## [WORK INSTRUCTIONS]
Every entry is to be restated exactly; pictures are not part of the copy.

## [PROVIDED DATA]
- - -
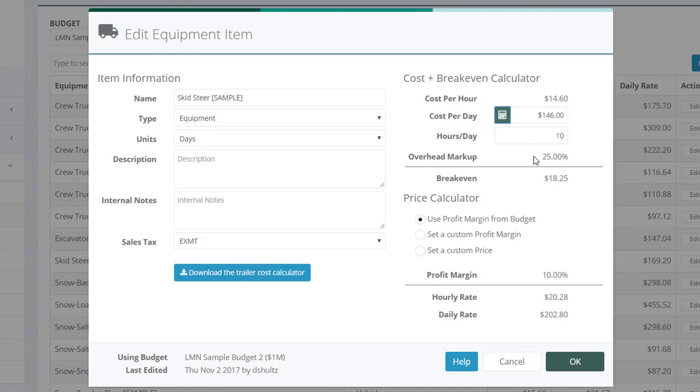Next up, we're going to add overhead to make sure we recover some of the company's overhead. If you're using the field labor hour overhead recovery method, this will be set to zero since a field labor hour recovery method doesn't recover overhead on equipment.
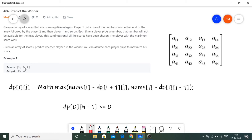For tabulation, I'm using a 2D DP array of size n×n. In this DP array, i is the starting index and j is the ending index of the subarray we're considering. What dp[i][j] stores is how much the current player is ahead of the other player when choosing numbers between indices i and j — that is the score difference.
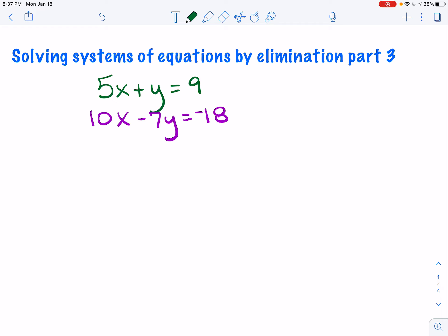We're going to take a look at a couple more examples of solving systems of equations using elimination. In these particular problems, we're not going to have anything that eliminates as it's set up. We're going to have to multiply our equations by something in order to get either x or y to eliminate.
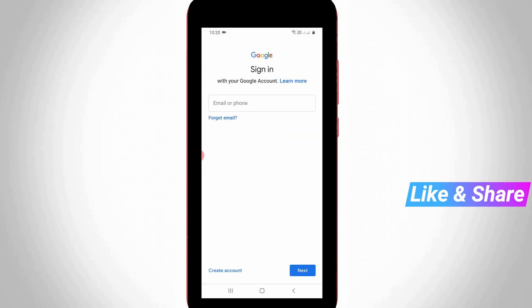Then it asks for your Gmail ID and password. Once you enter your information, it's automatically added to your account section. This is how you can easily add or remove your Gmail account by watching my tutorial.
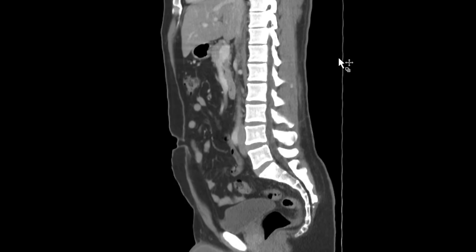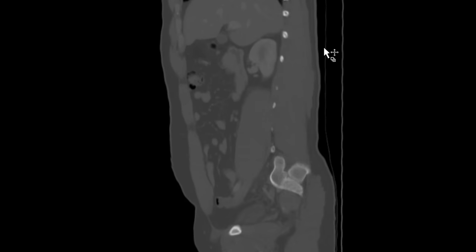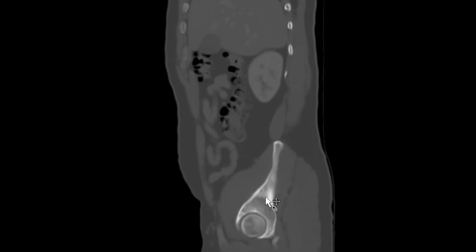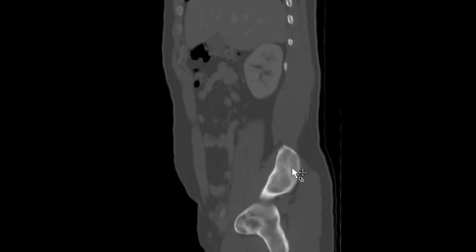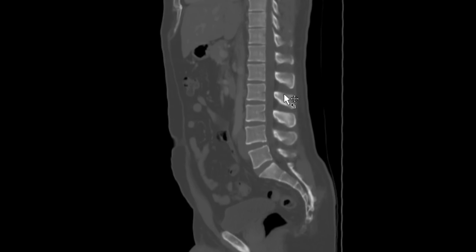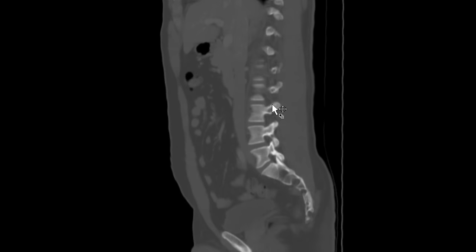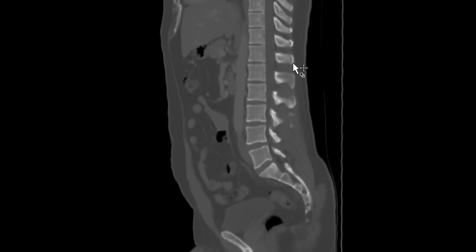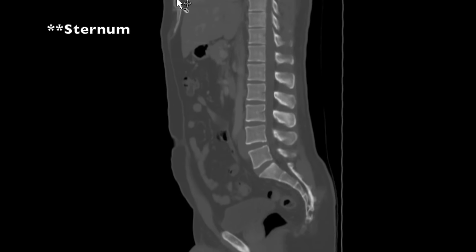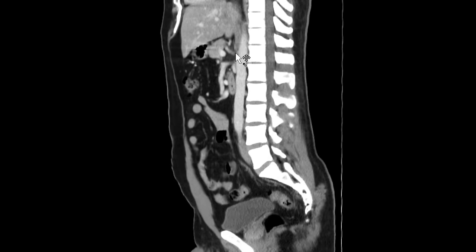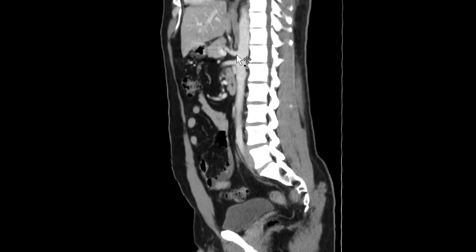Next I go to the sagittal view and take a look at the bones on the sagittal projection — acetabulum, femoral head, iliac wing, sacrum, L5 all the way up — making sure there's no big degenerative change or osseous lesion. You can catch a little bit of the sacrum and the xiphoid process as well. Also while I'm here I take a look at the vessels on sagittal projection: celiac axis, SMA, and aorta.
- - -
## [ANSWER TO THE PROBLEM]
Next up, we're going to add overhead to make sure we recover some of the company's overhead. If you're using the field labor hour overhead recovery method, this will be set to zero since a field labor hour recovery method doesn't recover overhead on equipment.
For tabulation, I'm using a 2D DP array of size n×n. In this DP array, i is the starting index and j is the ending index of the subarray we're considering. What dp[i][j] stores is how much the current player is ahead of the other player when choosing numbers between indices i and j — that is the score difference.
We're going to take a look at a couple more examples of solving systems of equations using elimination. In these particular problems, we're not going to have anything that eliminates as it's set up. We're going to have to multiply our equations by something in order to get either x or y to eliminate.
Then it asks for your Gmail ID and password. Once you enter your information, it's automatically added to your account section. This is how you can easily add or remove your Gmail account by watching my tutorial.
Next I go to the sagittal view and take a look at the bones on the sagittal projection — acetabulum, femoral head, iliac wing, sacrum, L5 all the way up — making sure there's no big degenerative change or osseous lesion. You can catch a little bit of the sacrum and the xiphoid process as well. Also while I'm here I take a look at the vessels on sagittal projection: celiac axis, SMA, and aorta.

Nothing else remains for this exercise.